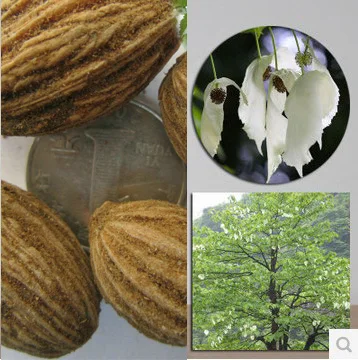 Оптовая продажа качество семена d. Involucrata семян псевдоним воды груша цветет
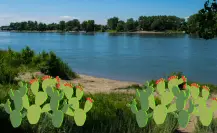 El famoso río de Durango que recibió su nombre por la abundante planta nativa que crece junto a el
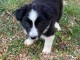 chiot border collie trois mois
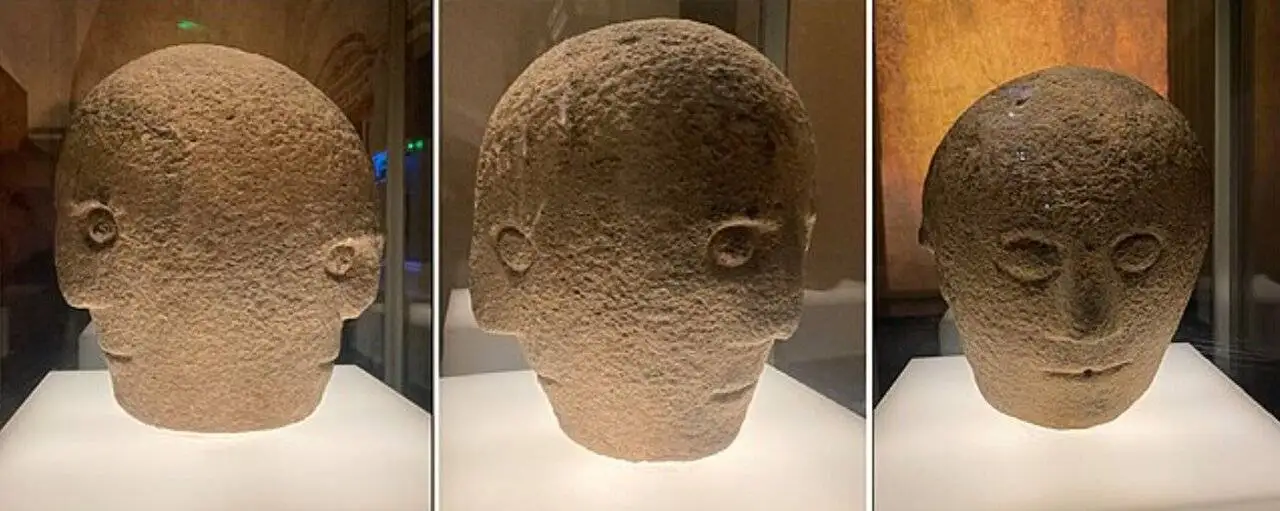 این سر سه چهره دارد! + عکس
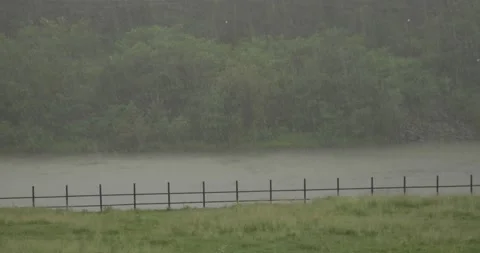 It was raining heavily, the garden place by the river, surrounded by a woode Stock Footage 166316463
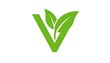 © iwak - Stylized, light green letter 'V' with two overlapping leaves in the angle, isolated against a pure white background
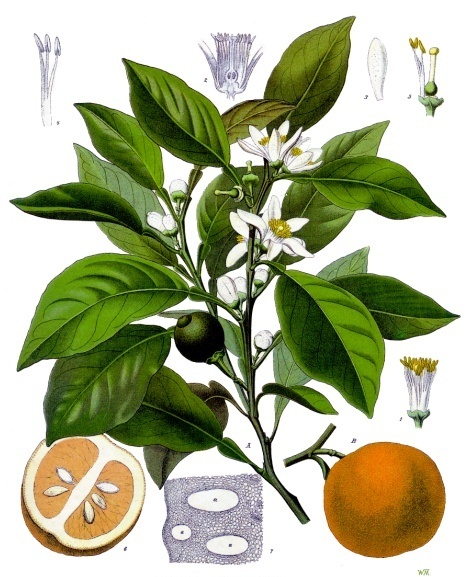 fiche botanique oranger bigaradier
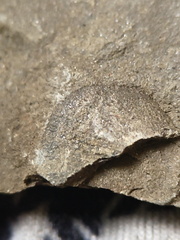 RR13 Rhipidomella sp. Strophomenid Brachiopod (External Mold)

→ DIRECTIONS: Apart from the pictures, all of the data must be duplicated exactly as shown above.

→ RESPONSE AREA:
 Оптовая продажа качество семена d. Involucrata семян псевдоним воды груша цветет
 El famoso río de Durango que recibió su nombre por la abundante planta nativa que crece junto a el
 chiot border collie trois mois
 این سر سه چهره دارد! + عکس
 It was raining heavily, the garden place by the river, surrounded by a woode Stock Footage 166316463
 © iwak - Stylized, light green letter 'V' with two overlapping leaves in the angle, isolated against a pure white background
 fiche botanique oranger bigaradier
 RR13 Rhipidomella sp. Strophomenid Brachiopod (External Mold)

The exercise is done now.